John Henry Holliday was born in Griffin, Georgia in 1851. He came into the world with a cleft palate and a partial cleft lip, a deformity that in 1851 was usually a death sentence for an infant. His uncle, a surgeon named John Stiles Holliday, performed the corrective surgery himself when the baby was two months old. His mother Alice spent the next several years patiently teaching the boy to speak clearly. She taught him piano. She taught him manners. She taught him how to bow to a woman and how to address a gentleman. By the time he was a teenager, John Henry could quote Virgil in the original Latin, play Chopin from memory, and dance a quadrille.
Then she died of tuberculosis when he was 15, and so did the small, soft world she'd built for him.

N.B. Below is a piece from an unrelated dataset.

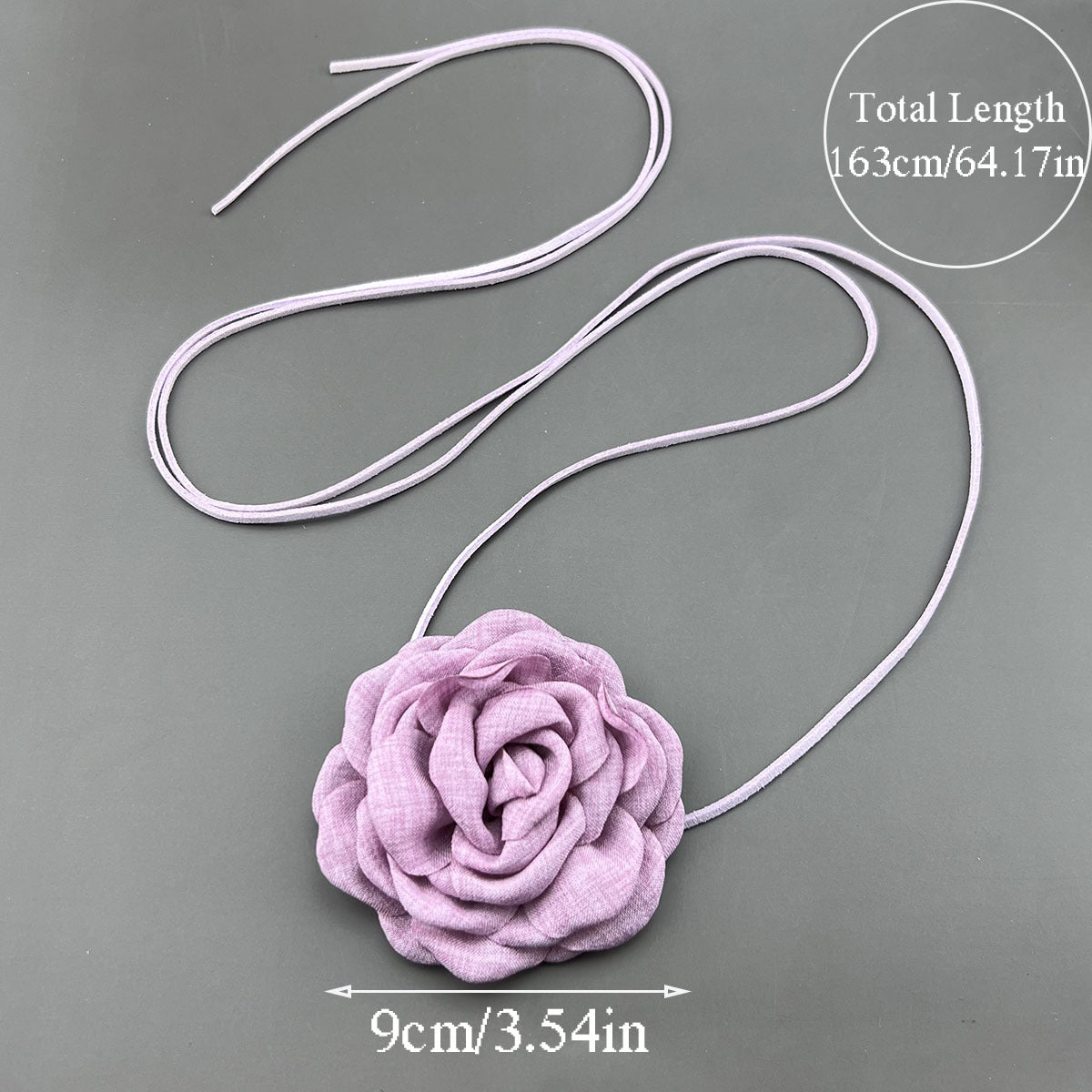 Women's Flower Strap Three-dimensional Rose Collar French Necklace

He was sent to Philadelphia to study dentistry. He graduated from the Pennsylvania College of Dental Surgery in 1872 at the age of 20, one of the youngest in his class, and his entry "Diseases of the Teeth" was considered exceptional. He won an award at a dental fair for "Best Set of Artificial Teeth in Gold." His diploma still exists. You can look at it.
He moved back south, set up a practice, and started coughing.
By 1873 the diagnosis was unmistakable. Pulmonary tuberculosis. The same disease that killed his mother. Doctors gave him a few months, maybe a year. They told him his only chance was to move west, where the dry air might slow the lungs from drowning. He kissed his cousin Mattie goodbye. He had been in love with her for years. She would later become a Catholic nun, Sister Mary Melanie, and she was the woman Margaret Mitchell would model Melanie Hamilton on in Gone With the Wind. They wrote each other letters until the day he died. Nobody has ever found those letters. The family burned them.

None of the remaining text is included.